## GIVEN MATERIAL
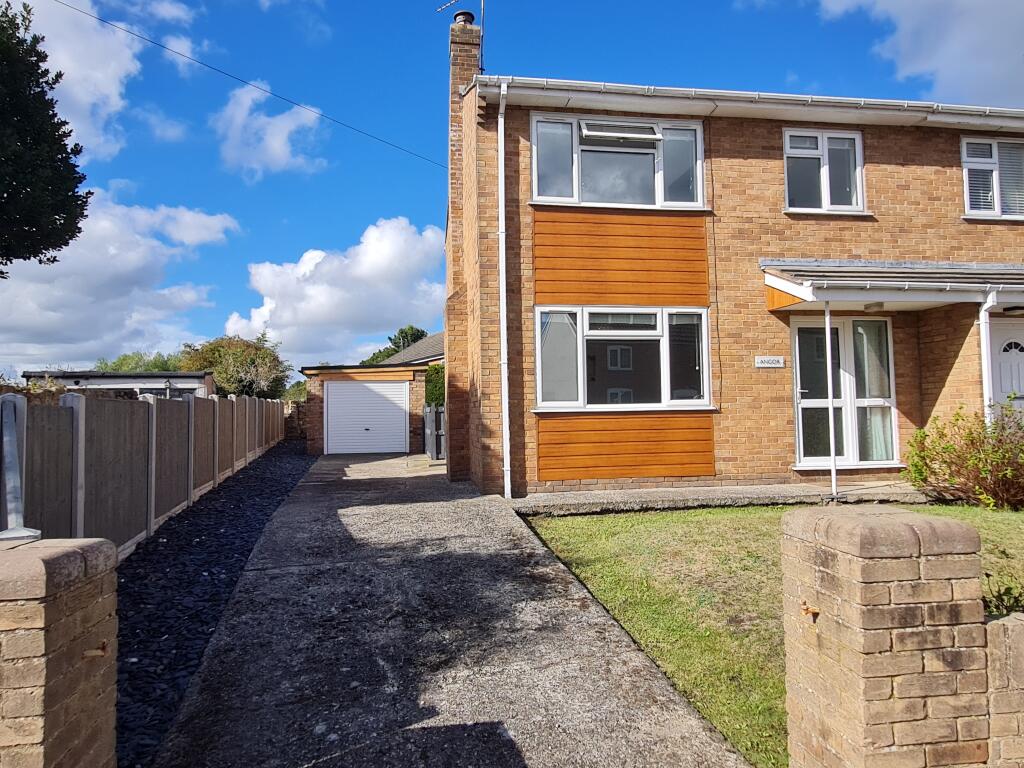 Main image of property: Bro Alun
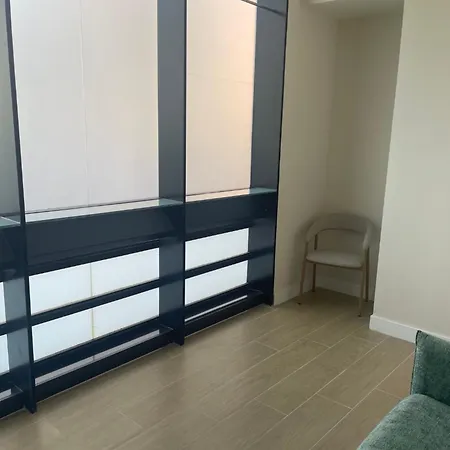 Aparthotel Espacio Coworking-estudios Con Residencia Cerca Campus Universitario *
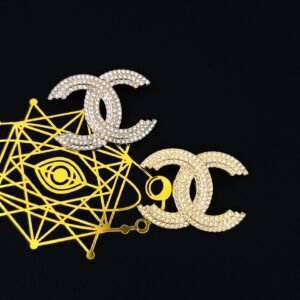 Chanel Brooch NO:YWFKLM-419 Material:Zinc Alloy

## TASK OBJECTIVE
Before you return the listing exactly, strip out its pictures.

## OUTPUT OF THE TASK
 Main image of property: Bro Alun
 Aparthotel Espacio Coworking-estudios Con Residencia Cerca Campus Universitario *
 Chanel Brooch NO:YWFKLM-419 Material:Zinc Alloy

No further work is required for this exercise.